[5/7] PCI/DPC: Print AER status in DPC event handling

Message ID 20180620213833.25072-5-keith.busch@intel.com
State New
Delegated to: Bjorn Helgaas
Headers show
Series
  • [1/7] PCI/DPC: Leave interrupts enabled while handling event
Related show

Commit Message

Keith Busch June 20, 2018, 9:38 p.m.
A DPC enabled device suppresses ERR_(NON)FATAL messages, preventing the
AER handler from reporting error details. If the DPC trigger reason says
the downstream port detected the error, this patch has the DPC driver
collect the AER uncorrectable status for logging, then clears the status.

Signed-off-by: Keith Busch <keith.busch@intel.com>
---
 drivers/pci/pcie/dpc.c | 6 ++++++
 1 file changed, 6 insertions(+)

Comments

Oza Pawandeep June 21, 2018, 9:16 a.m. | #1
On 2018-06-21 03:08, Keith Busch wrote:
> A DPC enabled device suppresses ERR_(NON)FATAL messages, preventing the
> AER handler from reporting error details. If the DPC trigger reason 
> says
> the downstream port detected the error, this patch has the DPC driver
> collect the AER uncorrectable status for logging, then clears the 
> status.
> 
> Signed-off-by: Keith Busch <keith.busch@intel.com>
> ---
>  drivers/pci/pcie/dpc.c | 6 ++++++
>  1 file changed, 6 insertions(+)
> 
> diff --git a/drivers/pci/pcie/dpc.c b/drivers/pci/pcie/dpc.c
> index 1b0b25ba947c..f6098dd171f3 100644
> --- a/drivers/pci/pcie/dpc.c
> +++ b/drivers/pci/pcie/dpc.c
> @@ -6,6 +6,7 @@
>   * Copyright (C) 2016 Intel Corp.
>   */
> 
> +#include <linux/aer.h>
>  #include <linux/delay.h>
>  #include <linux/interrupt.h>
>  #include <linux/init.h>
> @@ -161,6 +162,7 @@ static void dpc_process_rp_pio_error(struct dpc_dev 
> *dpc)
> 
>  static void dpc_work(struct work_struct *work)
>  {
> +	struct aer_err_info info;
>  	struct dpc_dev *dpc = container_of(work, struct dpc_dev, work);
>  	struct pci_dev *pdev = dpc->dev->port;
>  	struct device *dev = &dpc->dev->device;
> @@ -185,6 +187,10 @@ static void dpc_work(struct work_struct *work)
>  	/* show RP PIO error detail information */
>  	if (dpc->rp_extensions && reason == 3 && ext_reason == 0)
>  		dpc_process_rp_pio_error(dpc);
> +	else if (reason == 0 && aer_get_device_error_info(pdev, &info)) {
> +		aer_print_error(pdev, &info);
> +		pci_cleanup_aer_uncorrect_error_status(pdev);

6.2.10 for Downstream Port Containment:

   When DPC is triggered due to receipt of an uncorrectable error 
Message,
   the Requester ID from the Message is recorded in the DPC Error
   Source ID register and that Message is discarded and not forwarded
   Upstream.

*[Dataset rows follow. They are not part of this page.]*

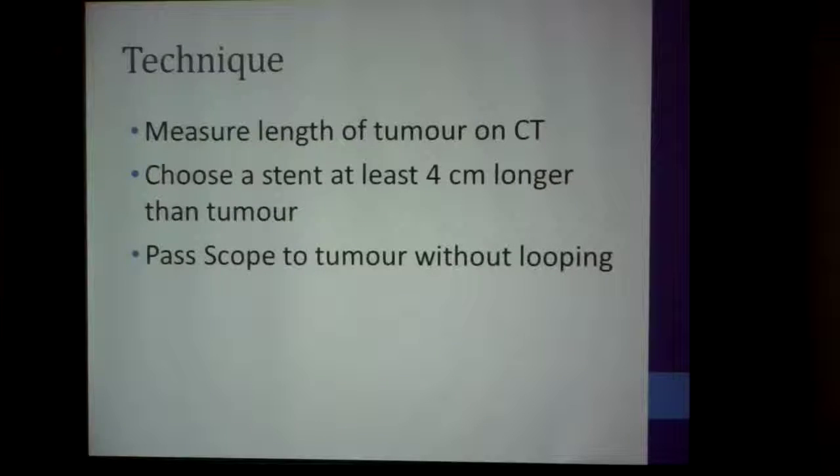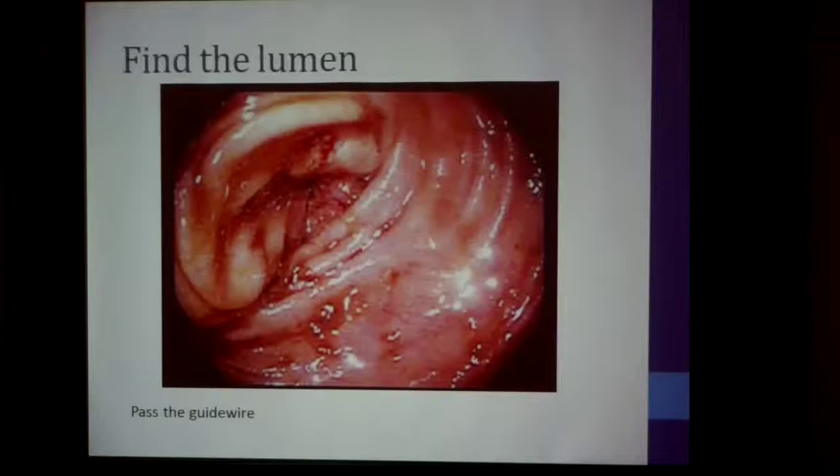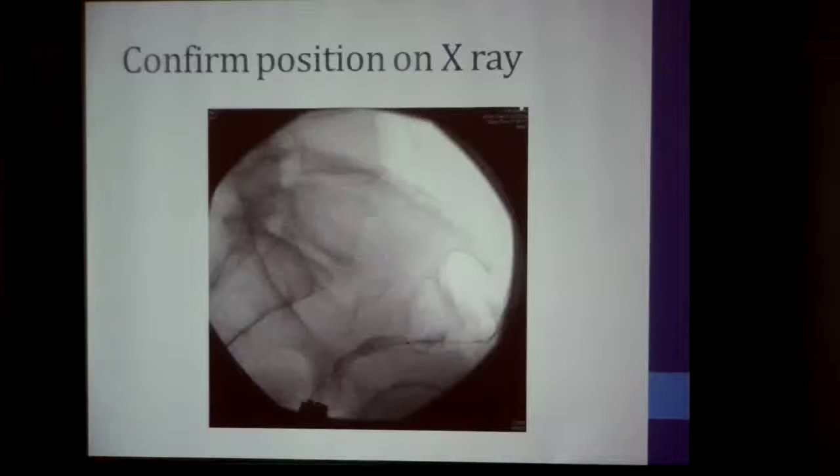You pass the scope up to the tumor, avoiding all loops if possible. Then you pass the flexible guide wire through the tumor — this is sometimes difficult because you can't find the lumen easily. To confirm the position, you introduce a little contrast through the flush cannula, and you can see the guide wire following the contrast into the lumen of the bowel.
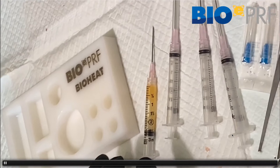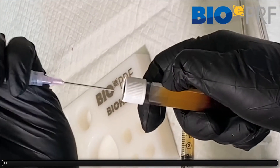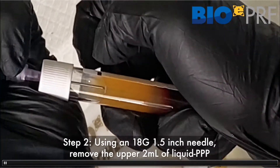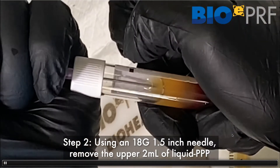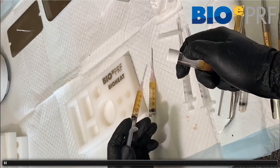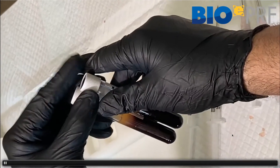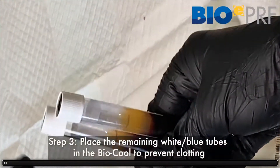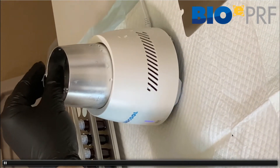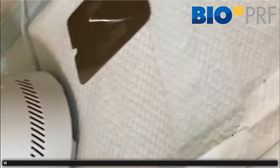You're going to draw out that liquid PRF in the exact same way — the upper layer, the PPP layer, the liquid platelet-poor layer. That upper layer doesn't have as many cells as the bottom portion, closer to the CPRF layer. When that's drawn out, we're going to take our blue caps and place them on the syringes. At the same time, we have to make sure that those go into the biocool — that's going to extend the working properties of the liquid PRF.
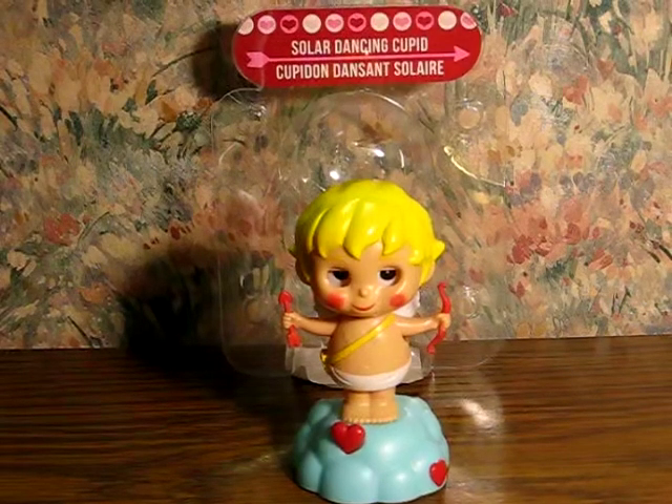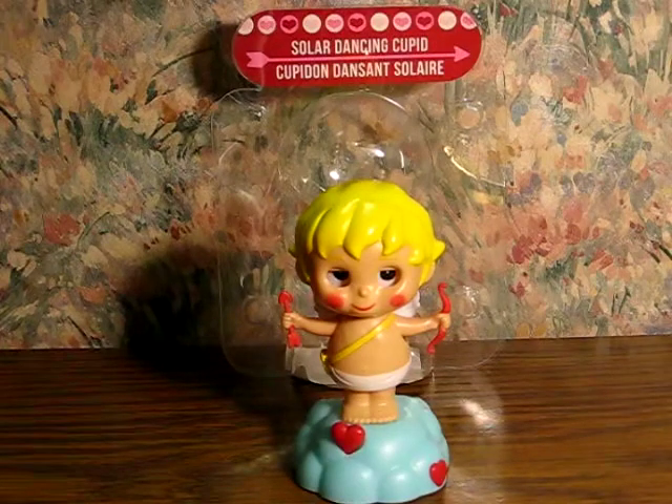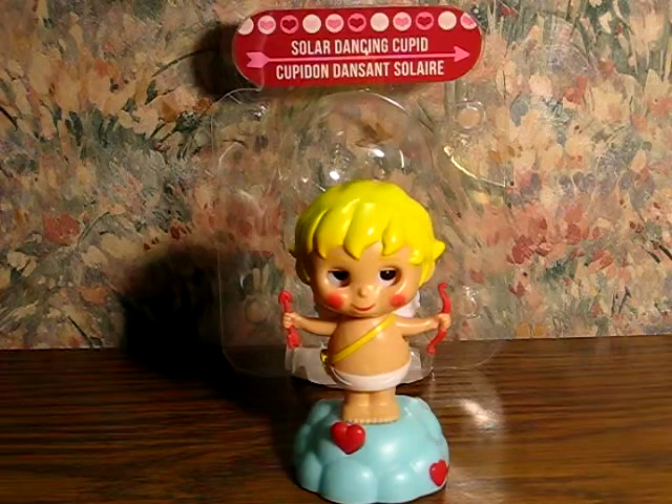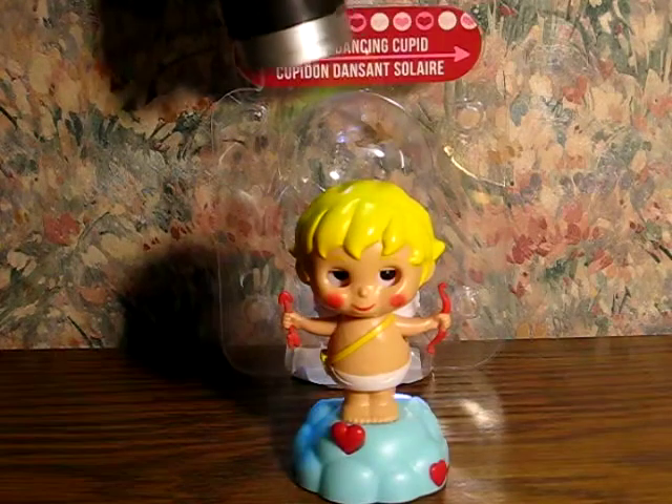Alright, this here is a Valentine's Day Solar Dancing Cupid that's going up for sale. I'm just going to give a little demonstration to show him working. All I have to do is shine a light on his solar cells and he should start dancing. This is the 2016 edition, from Greenbrier.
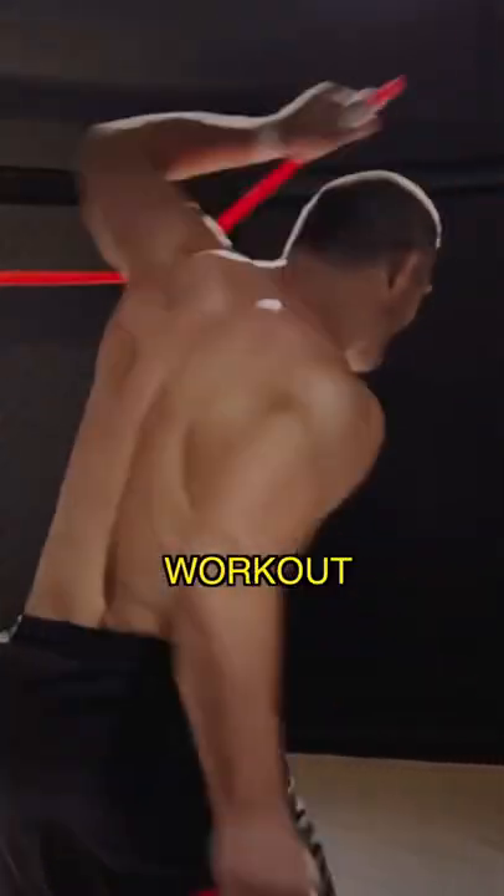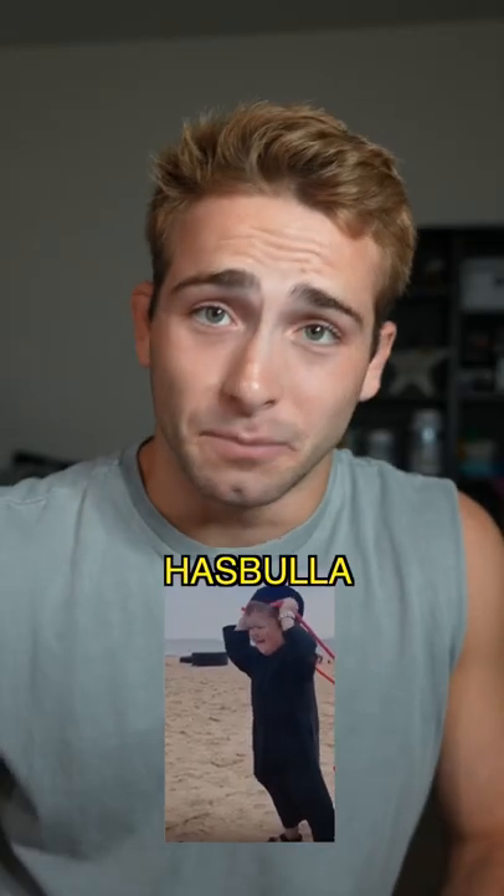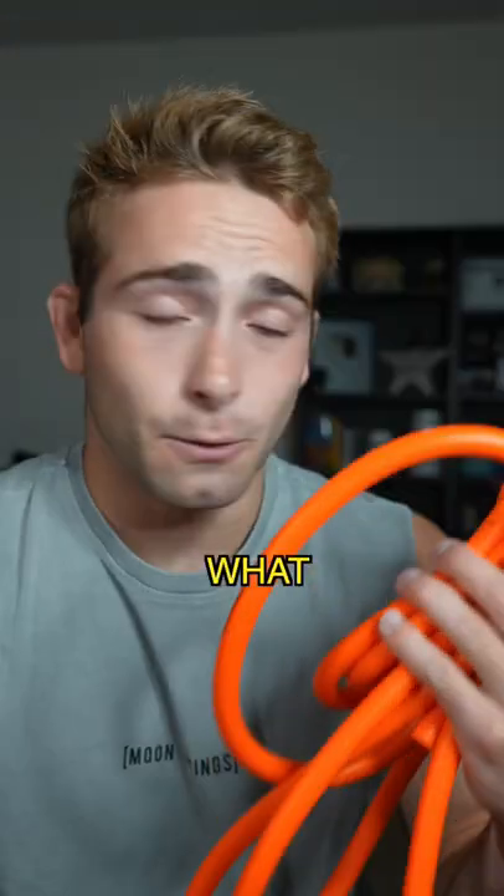I saw a viral video of a guy doing a crazy workout with Dopamino bands. I then saw Hezbollah was doing them and I'm like, I need to get on this. So let's see what we can do.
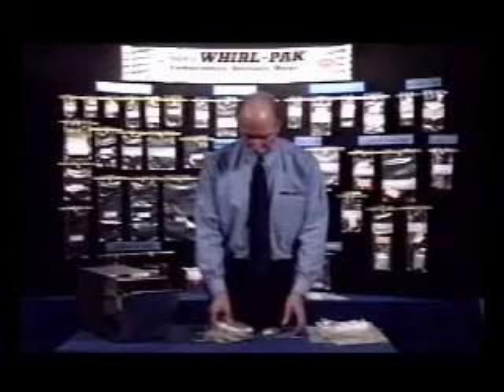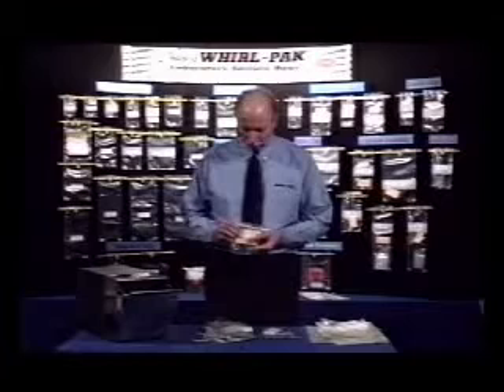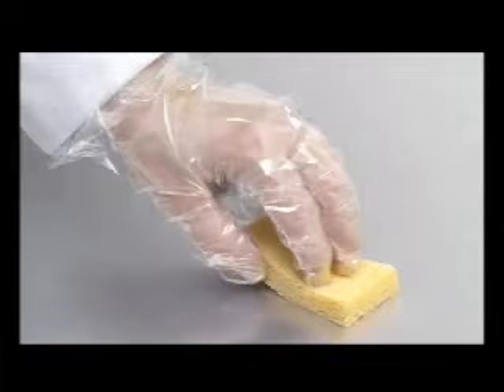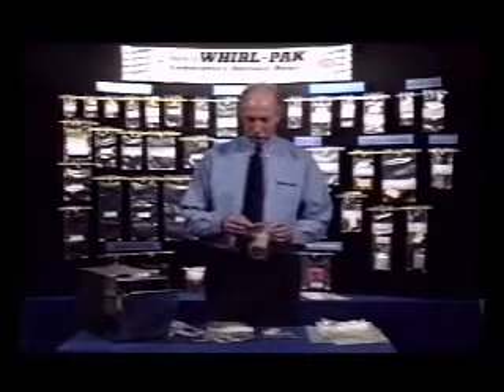The sponge has been tested to be non-inhibitory and will not affect the growth of bacteria. The sponge can be moistened with a diluent such as DE neutralizing broth or other liquid as desired. After the sponge has been moistened, the excess liquid is squeezed out and the surface is wiped with a gloved hand. Then the sponge is returned to the bag and sent to the laboratory for testing.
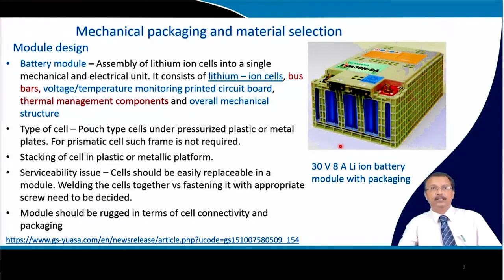The type of cells could be pouch cells, which are always kept under a pressurized state. Plastic or metal plates are used because the pouch cell, even after the forming cycle, has a tendency to swell, which would disturb the mechanical integrity inside the battery pack. They are pressurized and screw-tightened between two plastic or metal plates. For prismatic cells, a hard plastic cover case is already provided, so this is not required.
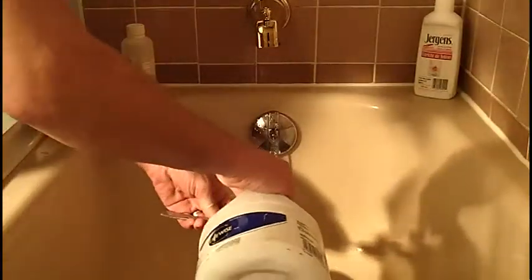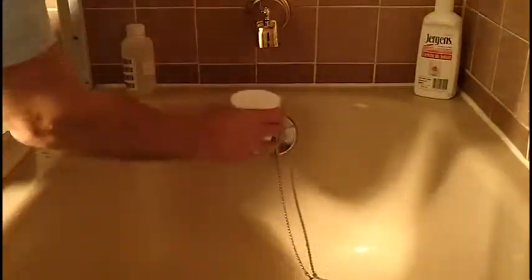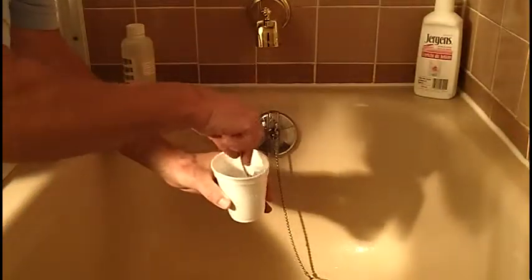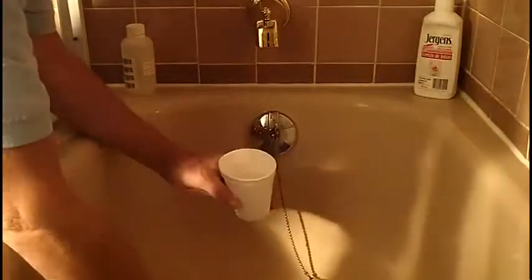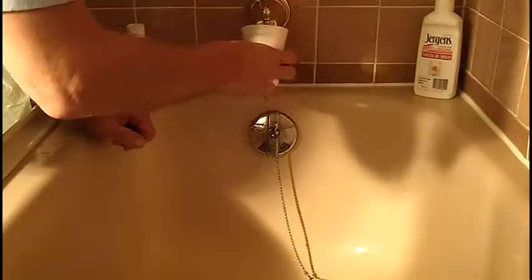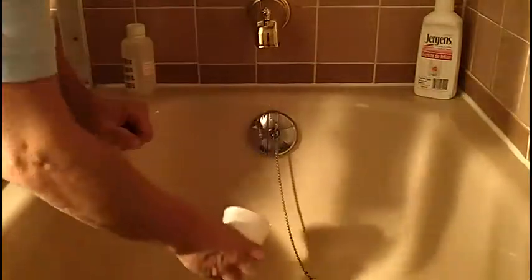To do that, we use a 1 to 10 ratio of bleach to water — one tablespoon of bleach to a half a cup of water gives us the right ratio. Give that a little stir and then submerge the faucet in this disinfecting solution, and that'll kill any bacteria that might be in the faucet.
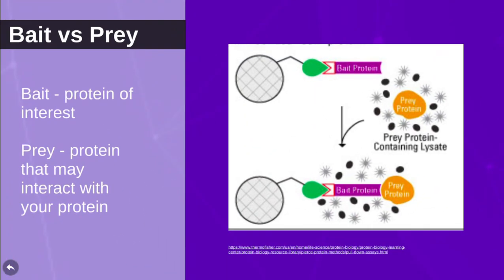The bait protein is often your protein of interest linked with an affinity tag, while the prey proteins are the proteins you are testing for direct or indirect interactions with your protein.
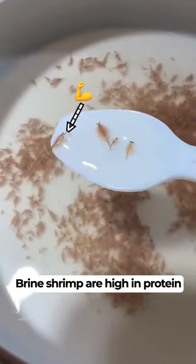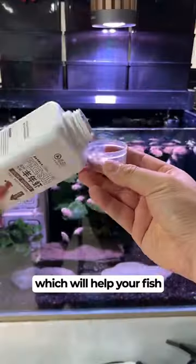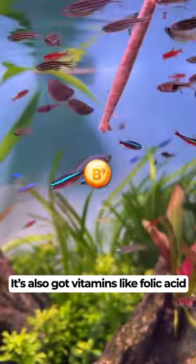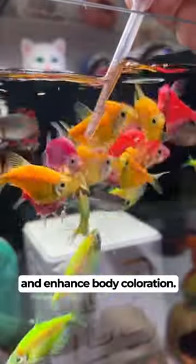Brine shrimp are high in protein and other beneficial nutrients, which will help your fish grow stronger and not get sick easily. It's also got vitamins like folic acid and beta-carotene, which promote growth and enhance body coloration.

When DPC is triggered by an unmasked uncorrectable error,
   that error will not be signaled with an uncorrectable error Message,
   even if otherwise enabled.

Inst the message is discarded and not forwarded to upstream.
which means that we should not find AER status set in RP or Switch.
in other words, at time either we will find DPC or AER triggered but not 
both at the same time.
then when DPC is triggered why do we need to 
pci_cleanup_aer_uncorrect_error_status(pdev); ?

Regards,
Oza.


> +	}
> 
>  	/* We configure DPC so it only triggers on ERR_FATAL */
>  	pcie_do_fatal_recovery(pdev, PCIE_PORT_SERVICE_DPC);
Keith Busch June 21, 2018, 2:05 p.m. | #2
On Thu, Jun 21, 2018 at 02:46:10PM +0530, poza@codeaurora.org wrote:
> On 2018-06-21 03:08, Keith Busch wrote:
> > @@ -185,6 +187,10 @@ static void dpc_work(struct work_struct *work)
> >  	/* show RP PIO error detail information */
> >  	if (dpc->rp_extensions && reason == 3 && ext_reason == 0)
> >  		dpc_process_rp_pio_error(dpc);
> > +	else if (reason == 0 && aer_get_device_error_info(pdev, &info)) {
> > +		aer_print_error(pdev, &info);
> > +		pci_cleanup_aer_uncorrect_error_status(pdev);
> 
> 6.2.10 for Downstream Port Containment:
> 
>   When DPC is triggered due to receipt of an uncorrectable error Message,
>   the Requester ID from the Message is recorded in the DPC Error
>   Source ID register and that Message is discarded and not forwarded
>   Upstream. When DPC is triggered by an unmasked uncorrectable error,
>   that error will not be signaled with an uncorrectable error Message,
>   even if otherwise enabled.
> 
> Inst the message is discarded and not forwarded to upstream.
> which means that we should not find AER status set in RP or Switch.
> in other words, at time either we will find DPC or AER triggered but not
> both at the same time.
> then when DPC is triggered why do we need to
> pci_cleanup_aer_uncorrect_error_status(pdev); ?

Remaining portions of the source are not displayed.